The Geneva Conventions are four treaties and three additional protocols which establish international legal standards for humanitarian treatment in war.

Basically, the treaties define the basic rights of wartime prisoners for both civilians and military personnel.

In other words, just because you have conquered a country, it doesn’t mean that you can do whatever you want to the people who live there.

The first treaty was signed by international committees in 1864.

For the next century, the Geneva Conventions are negotiated over and over again.

In 1907 for instance, the convention added the standards for the ‘humane treatment’ of Prisoners-of-Wars (POWs).

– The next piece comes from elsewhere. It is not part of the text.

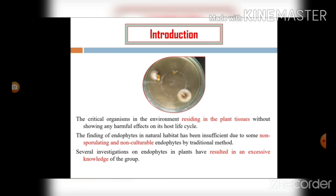The isolation and identification of new endophytes in natural habitat is the toughest job nowadays, because we don't have adequate new techniques for the isolation of sporulating and non-culturable microorganisms or endophytes.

Then in 1929, the Geneva Conventions Relative to the Treatment of Prisoners of War was signed by 47 governments including Japan.

But then why did so many POWs died during World War II (WWII) in the hands of Japanese forces?

This was because the Japanese government never ratified the 1929 treaty.

In 1942, the Japanese government stated it would follow the terms of the Convention mutatis mutandis (changing what has to be changed).

Escaping POW camps according to the Geneva Conventions

The Convention recognised that a POW may have the duty to attempt escape.

In fact the Geneva Convention prohibits a captor nation from executing a POW simply for attempting escape.

Under the authority of the senior official, a POW must be prepared to escape whenever the opportunity present itself.

In a POW compound, the senior POW must consider the welfare of those remaining behind after an escape.

However, as a matter of conscious determination, a POW must plan to escape, try to escape and assist others to escape.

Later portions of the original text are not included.